WHAT NEEDS TO BE DONE
Copy out the data that comes next, character for character, and leave the images aside.

MATERIAL PROVIDED
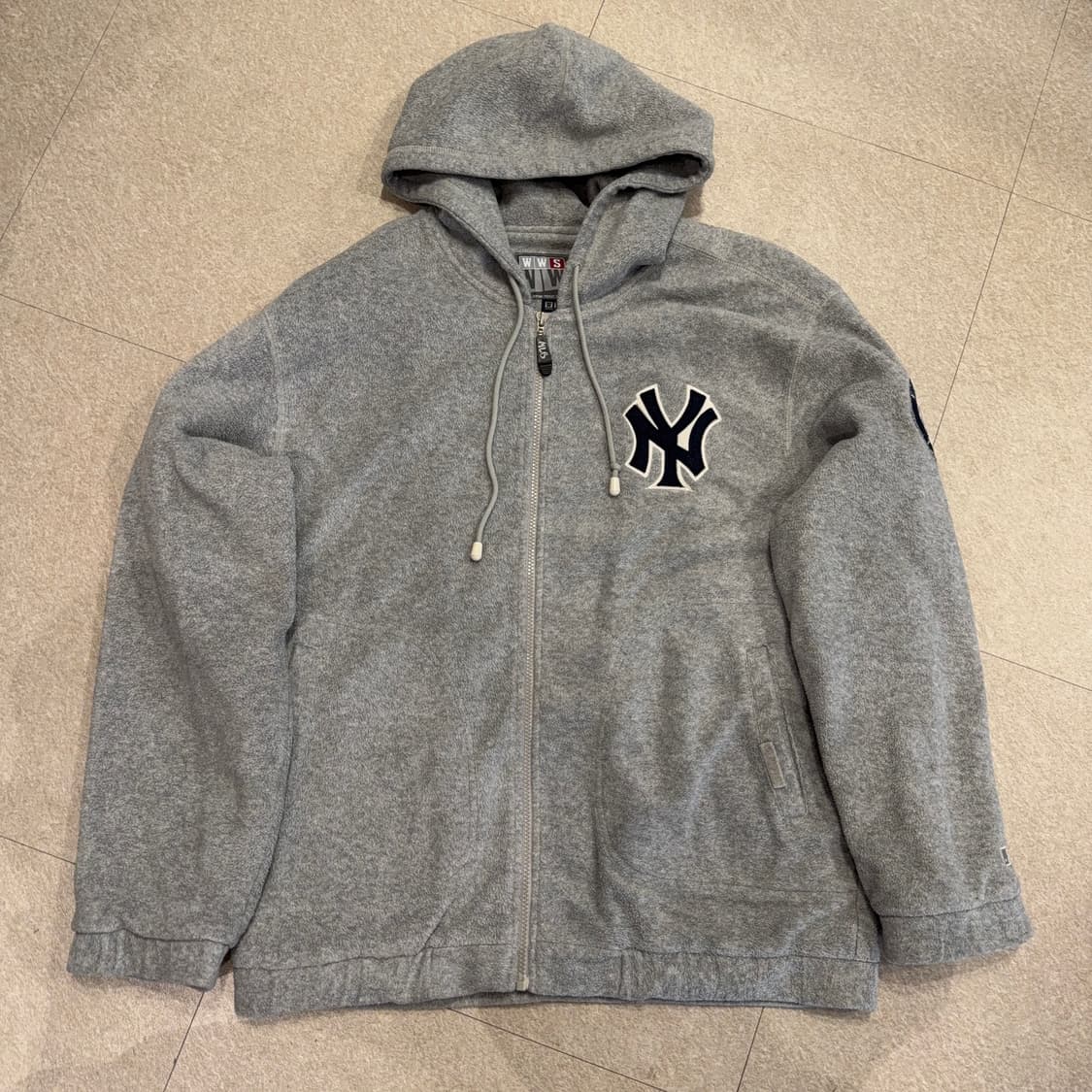 WWS 플리스 후드 집업 상품이미지1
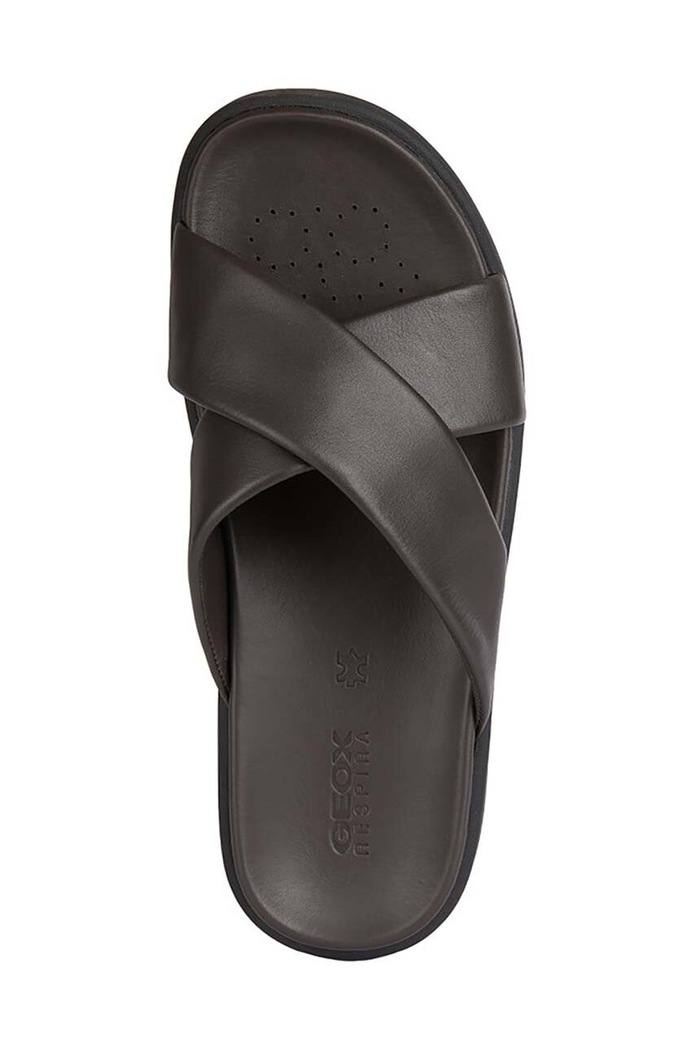 Slapi de piele U SPHERICA EC6 Geox maro U45GWB.00085.C6006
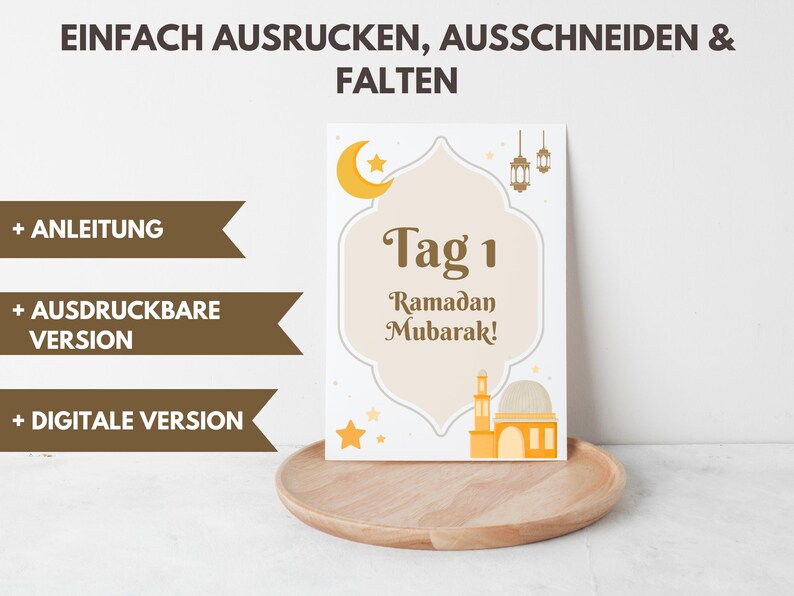 Ramadan Kalender für Kinder zum Ausdrucken, Geschichten über Islam, Deutsch, German, PDF, Printable image 3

FINAL ANSWER
 WWS 플리스 후드 집업 상품이미지1
 Slapi de piele U SPHERICA EC6 Geox maro U45GWB.00085.C6006
 Ramadan Kalender für Kinder zum Ausdrucken, Geschichten über Islam, Deutsch, German, PDF, Printable image 3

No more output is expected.